### Task material
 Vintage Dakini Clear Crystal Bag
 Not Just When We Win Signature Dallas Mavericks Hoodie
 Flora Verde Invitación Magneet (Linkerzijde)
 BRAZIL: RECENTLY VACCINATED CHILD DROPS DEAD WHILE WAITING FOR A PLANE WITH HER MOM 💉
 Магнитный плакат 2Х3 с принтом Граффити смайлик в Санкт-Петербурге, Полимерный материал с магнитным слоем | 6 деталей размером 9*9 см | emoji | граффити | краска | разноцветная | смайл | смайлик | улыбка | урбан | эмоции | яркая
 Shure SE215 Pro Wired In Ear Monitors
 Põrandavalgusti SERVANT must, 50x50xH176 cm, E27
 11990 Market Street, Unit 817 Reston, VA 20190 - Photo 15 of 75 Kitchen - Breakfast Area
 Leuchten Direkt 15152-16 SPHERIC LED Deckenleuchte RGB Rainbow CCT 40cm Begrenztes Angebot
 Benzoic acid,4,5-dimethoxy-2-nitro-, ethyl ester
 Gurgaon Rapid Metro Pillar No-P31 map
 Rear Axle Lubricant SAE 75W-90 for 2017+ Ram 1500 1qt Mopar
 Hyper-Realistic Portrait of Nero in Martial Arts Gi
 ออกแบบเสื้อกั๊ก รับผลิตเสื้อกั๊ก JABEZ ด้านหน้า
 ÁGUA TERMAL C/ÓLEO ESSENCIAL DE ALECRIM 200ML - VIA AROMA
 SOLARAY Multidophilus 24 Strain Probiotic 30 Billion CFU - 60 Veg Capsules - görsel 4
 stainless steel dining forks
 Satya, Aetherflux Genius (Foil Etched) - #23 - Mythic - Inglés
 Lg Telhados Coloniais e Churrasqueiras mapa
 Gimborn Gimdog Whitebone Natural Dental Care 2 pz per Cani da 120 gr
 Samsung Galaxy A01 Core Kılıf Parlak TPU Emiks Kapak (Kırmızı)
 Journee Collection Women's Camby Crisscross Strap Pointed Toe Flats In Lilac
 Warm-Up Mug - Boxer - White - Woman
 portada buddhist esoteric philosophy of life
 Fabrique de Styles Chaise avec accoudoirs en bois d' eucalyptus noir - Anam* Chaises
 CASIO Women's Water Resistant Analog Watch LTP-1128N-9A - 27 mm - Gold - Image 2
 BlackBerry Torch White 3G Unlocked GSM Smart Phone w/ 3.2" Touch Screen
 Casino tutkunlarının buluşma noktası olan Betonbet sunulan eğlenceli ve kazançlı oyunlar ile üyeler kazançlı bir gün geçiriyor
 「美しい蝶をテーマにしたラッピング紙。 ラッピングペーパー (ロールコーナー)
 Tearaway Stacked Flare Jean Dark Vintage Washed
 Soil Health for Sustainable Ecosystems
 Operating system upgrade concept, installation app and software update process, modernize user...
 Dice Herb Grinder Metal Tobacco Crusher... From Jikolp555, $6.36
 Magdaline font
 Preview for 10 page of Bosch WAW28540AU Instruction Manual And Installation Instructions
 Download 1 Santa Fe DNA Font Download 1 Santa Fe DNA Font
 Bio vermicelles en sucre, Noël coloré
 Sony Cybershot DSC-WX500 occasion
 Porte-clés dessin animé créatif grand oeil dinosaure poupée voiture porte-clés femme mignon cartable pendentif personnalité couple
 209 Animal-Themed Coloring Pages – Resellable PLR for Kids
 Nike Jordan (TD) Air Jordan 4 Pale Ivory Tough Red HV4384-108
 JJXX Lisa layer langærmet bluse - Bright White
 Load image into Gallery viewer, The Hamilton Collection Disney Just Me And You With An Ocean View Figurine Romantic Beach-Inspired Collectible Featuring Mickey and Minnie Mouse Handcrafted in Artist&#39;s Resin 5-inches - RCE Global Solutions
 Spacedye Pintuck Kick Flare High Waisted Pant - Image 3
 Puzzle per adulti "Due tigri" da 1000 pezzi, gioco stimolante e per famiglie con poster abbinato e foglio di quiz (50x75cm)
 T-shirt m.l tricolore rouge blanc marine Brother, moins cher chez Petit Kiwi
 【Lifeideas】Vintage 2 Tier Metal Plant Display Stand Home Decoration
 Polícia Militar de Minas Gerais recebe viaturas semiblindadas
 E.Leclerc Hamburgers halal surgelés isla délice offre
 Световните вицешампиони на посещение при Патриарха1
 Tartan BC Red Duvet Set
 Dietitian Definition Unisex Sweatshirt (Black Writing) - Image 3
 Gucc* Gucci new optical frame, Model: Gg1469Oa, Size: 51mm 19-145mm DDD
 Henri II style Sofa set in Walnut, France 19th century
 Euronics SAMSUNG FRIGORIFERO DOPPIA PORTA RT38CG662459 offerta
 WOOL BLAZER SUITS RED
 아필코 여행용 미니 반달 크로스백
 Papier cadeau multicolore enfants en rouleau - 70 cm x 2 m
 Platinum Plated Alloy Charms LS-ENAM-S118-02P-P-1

### Exercise
Every line of the listing that includes "Collection" must be shown.

### Task answer
 Journee Collection Women's Camby Crisscross Strap Pointed Toe Flats In Lilac
 Load image into Gallery viewer, The Hamilton Collection Disney Just Me And You With An Ocean View Figurine Romantic Beach-Inspired Collectible Featuring Mickey and Minnie Mouse Handcrafted in Artist&#39;s Resin 5-inches - RCE Global Solutions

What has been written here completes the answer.